Breakthrough solar energy technology could replace fossil fuels in heavy industry

A potentially groundbreaking solar-powered device has reached temperatures of more than 1,000°C, raising hopes of using green energy to power some of the most fossil-fuel-intensive manufacturing processes on Earth.

New verification technology uses synthetic quartz crystals to capture solar energy at temperatures exceeding 1,000°C, demonstrating its potential to provide clean energy for carbon-intensive industries such as metals, cement and chemicals production.

The production of materials such as glass, steel and ceramics requires temperatures in excess of 1,000°C, which is currently typically only achieved by burning fossil fuels.

These manufacturing industries account for almost a quarter of global energy consumption.

Scientists have previously tried to harness solar energy to power these industries by capturing and concentrating sunlight using an array of thousands of sun-tracking mirrors. But such methods have failed to effectively achieve the required temperatures.

The new device, built by attaching synthetic quartz crystals to an opaque silicon disk, uses a phenomenon called the thermal trapping effect to capture sunlight with unprecedented efficiency.

The technological breakthrough was described in a study published in the journal Device on Wednesday.

The operating principle is that opaque materials exposed to solar radiation absorb it on the surface and transfer it to the interior by conduction, while semi-transparent materials allow sunlight to penetrate and be absorbed throughout the internal volume.

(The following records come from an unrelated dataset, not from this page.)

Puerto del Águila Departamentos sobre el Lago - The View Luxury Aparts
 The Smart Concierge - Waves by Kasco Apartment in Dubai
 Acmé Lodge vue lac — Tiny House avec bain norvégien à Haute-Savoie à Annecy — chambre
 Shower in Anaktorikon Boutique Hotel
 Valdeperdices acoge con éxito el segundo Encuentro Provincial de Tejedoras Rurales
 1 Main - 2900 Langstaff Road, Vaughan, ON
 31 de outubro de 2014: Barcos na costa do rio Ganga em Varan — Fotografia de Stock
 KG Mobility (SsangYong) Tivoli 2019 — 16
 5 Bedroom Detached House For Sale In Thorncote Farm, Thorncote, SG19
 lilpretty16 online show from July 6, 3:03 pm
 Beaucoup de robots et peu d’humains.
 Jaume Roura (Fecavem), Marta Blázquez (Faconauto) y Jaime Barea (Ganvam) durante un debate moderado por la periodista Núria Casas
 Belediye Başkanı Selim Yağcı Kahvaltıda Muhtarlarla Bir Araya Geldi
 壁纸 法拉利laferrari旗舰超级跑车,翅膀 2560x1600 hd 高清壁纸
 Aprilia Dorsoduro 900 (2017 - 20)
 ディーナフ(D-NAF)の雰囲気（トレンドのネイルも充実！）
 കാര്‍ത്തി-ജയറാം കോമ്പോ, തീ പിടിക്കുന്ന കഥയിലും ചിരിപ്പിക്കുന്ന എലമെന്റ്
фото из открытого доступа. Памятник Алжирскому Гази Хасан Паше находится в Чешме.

By appropriately matching semi-transparent materials to the appropriate source of energy radiation, it is possible to achieve higher temperatures in a larger part of the material than on the surface exposed to solar radiation – in other words, to create a thermal trap.

When the researchers exposed their device to an energy flux equivalent to light from 136 suns, the temperature at one end of the device reached 1,050°C and at the other end to 600°C.

“Previous studies have only shown the thermal trapping effect up to 170°C. Our study shows that thermal capture of solar energy works not only at low temperatures, but well above 1000°C,” said Emiliano Casati from ETH Zurich, co-author of the study.

“This is crucial to show its potential in real industrial applications.”

Scientists are currently optimizing the heat trap effect and investigating new applications of this method.

Preliminary analysis of other materials has shown that even higher temperatures can be achieved.

“This research contributes to the development of more efficient solar receivers that will allow the decarbonization of key heat-intensive industrial processes, such as cement and metal production and the thermochemical production of solar fuels,” said Dr. Casati.

“To truly motivate industry adoption of this technology, we need to demonstrate the economic viability and benefits of this technology at scale.”